Lui aussi pourrait être l’animal le plus difficile à photographier. Les félins sont d’une discrétion légendaire. J’ai eu l’immense chance d’en croiser un alors que je cherchais le Tichodrome échelette. Pour détecter à l’oreille des oiseaux grimpeurs pourvus de grandes griffes comme le tichodrome je ne fais aucun bruit. Au bout d’un moment, alors que l’oiseau ne se montrait pas, je pensais entendre un renard avancer sur un parterre de feuilles mortes à proximité de mon poste d’observation. Quelle ne fut pas ma surprise lorsque j’ai pu passer la tête et croiser son regard. Aussi surpris que moi, l’échange visuel fut assez long, mais il s’est glissé dans une faille au premier mouvement lorsque j’ai voulu saisir mon appareil. Un souvenir impérissable de ses grands yeux verdoyants demeurera.
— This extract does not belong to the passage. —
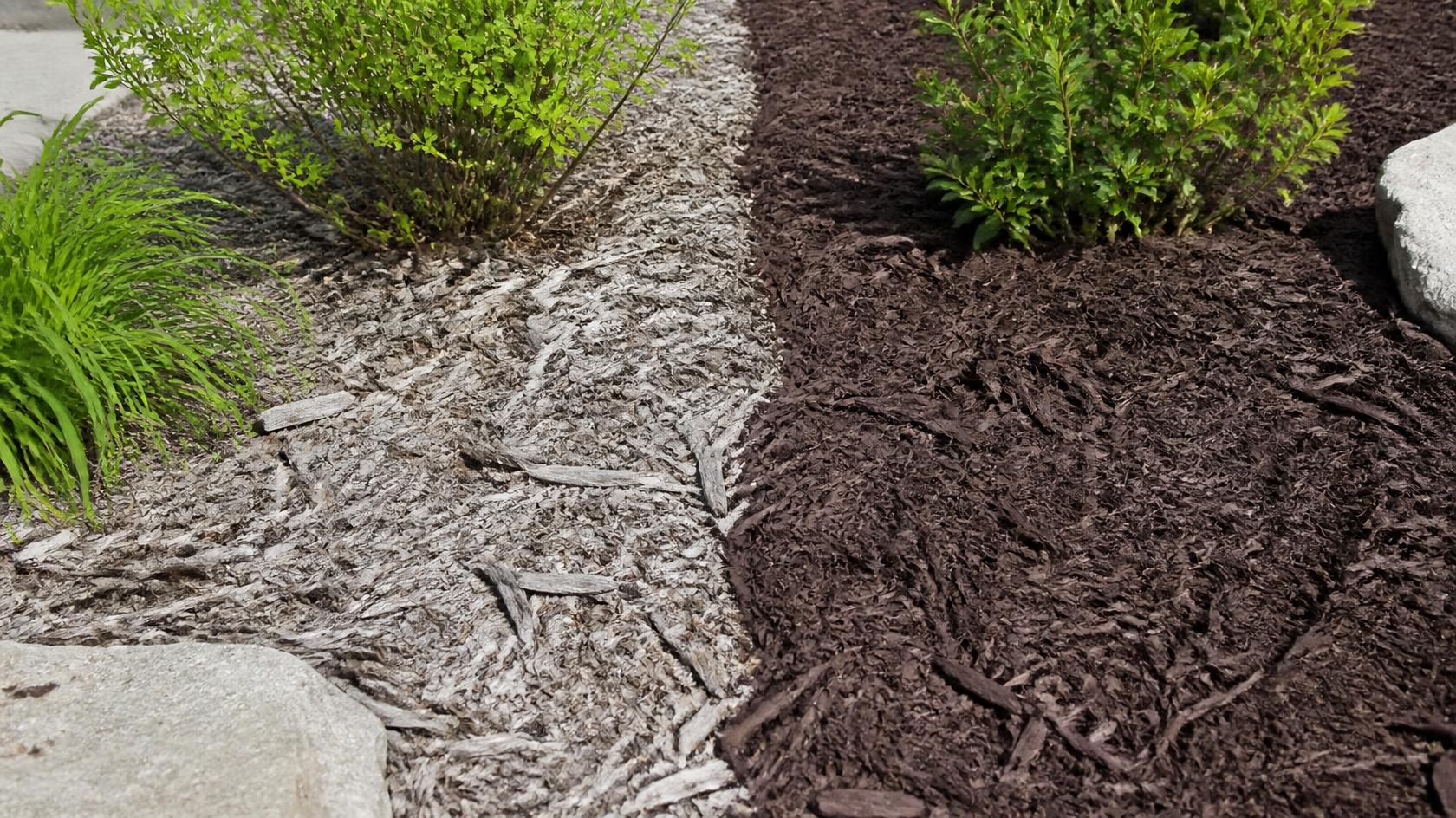 faded-vs-fresh-mulch-when-to-refresh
Pour ce qui est de mon travail, il faut de la patience pour étudier un tel animal et beaucoup de certitudes pour avancer des résultats. C’est un travail d’équipe dont je ne suis qu’un petit maillon et ce n’est pas mon rôle de faire des annonces. Je peux simplement dire qu’une analyse poussée du génome est en cours et doit permettre de retracer l’histoire évolutive de l’animal. L’objectif est de définir son statut, c’est-à-dire lui donner un nom pour qu’il soit enfin reconnu et protégé. Le processus est long et nécessite de nombreuses compétences, depuis le terrain jusqu’à la publication scientifique en passant par le laboratoire. Patience, car l’erreur n’est pas permise !

Dans quel coin du monde souhaiterais-tu t'aventurer si tu le pouvais ? Et pour photographier quel animal ?

J’aime le froid, les grands espaces sauvages, les oiseaux. Alors il y a du choix. Mais s’il fallait choisir aujourd’hui, j’irais probablement observer les grandes migrations d’oiseaux marins en Norvège. Des milliers et des milliers d’oiseaux dans un grand concert du vivant sur les falaises battues par la mer du Nord. Mais si je pouvais vraiment m’aventurer à mon goût, j’aurais de grandes ailes et je pourrais suivre ces oiseaux, des côtes du Cap Corse au cercle polaire arctique. Je serais un Fou de Bassan !

Sur quels projets travailles-tu actuellement ?

Je pense régulièrement à réaliser un livre. Beaucoup de matière s’est accumulée et j’aimerais en faire quelque chose de concret, une histoire d’images, de paysages, de bêtes sauvages. Alors j’y travaille tout doucement. Et puis je filme aussi régulièrement un grand volatile venu des temps anciens. Si je parviens à le croiser suffisamment il y aura peut-être quelque chose à dévoiler prochainement !

Pour conclure, qu’aimerais-tu dire à nos lecteurs ?

Ayez le pas léger, la voix discrète, le geste lent, le chien tenu, l’oreille tendue. Ouvrez les yeux, vivez le monde, rien n’est perdu, tout est ici !

 
 

Le Martin Van Boone des montagnes sur son rocher. Espèce endémique de l’île de Corse.